- PROBLEM TO WORK ON
What the answer must hold is the line containing "St. Catharines (Lakeport)" and all lines after it through the end of the listing, copied exactly, with pictures left out.

*** GIVEN DATA Section Begins ***

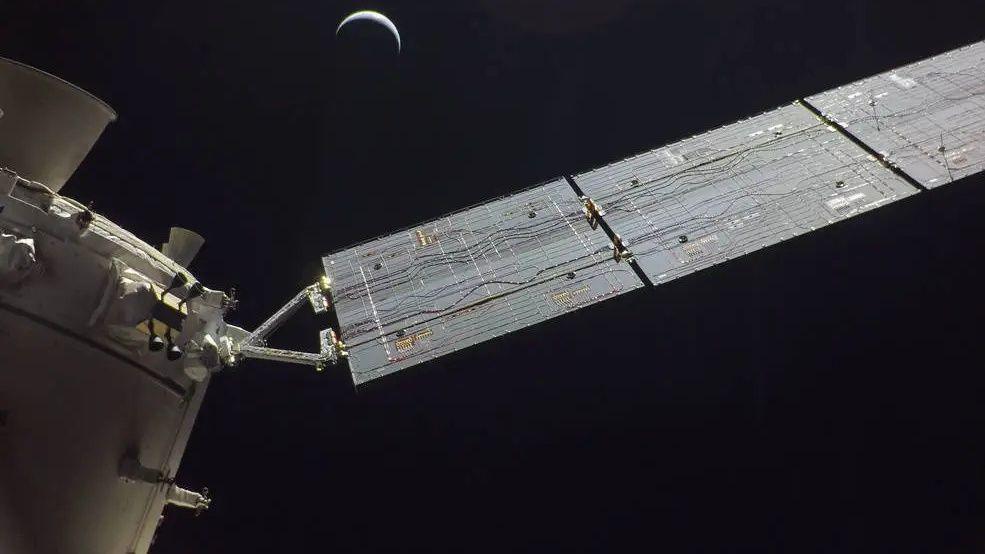 A photo of the Orion spacecraft that it took itself with the moon in the distance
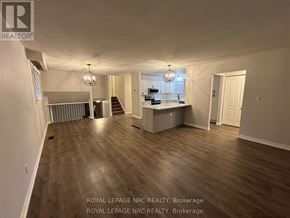 St. Catharines (Lakeport) apartment for rent - A spacious room with wooden flooring and a kitchen area in the background.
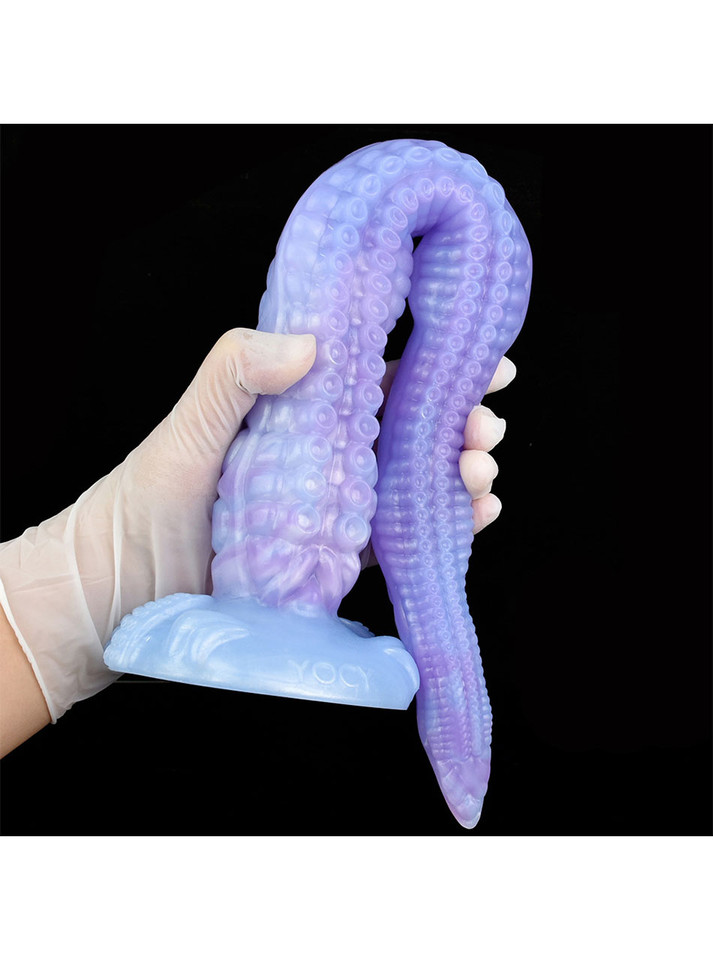 Large purple Kraken tentacle dildo bent into a loop with raised suckers visible along the shaft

*** GIVEN DATA Section Ends ***

- RESULT OF THE TASK
 St. Catharines (Lakeport) apartment for rent - A spacious room with wooden flooring and a kitchen area in the background.
 Large purple Kraken tentacle dildo bent into a loop with raised suckers visible along the shaft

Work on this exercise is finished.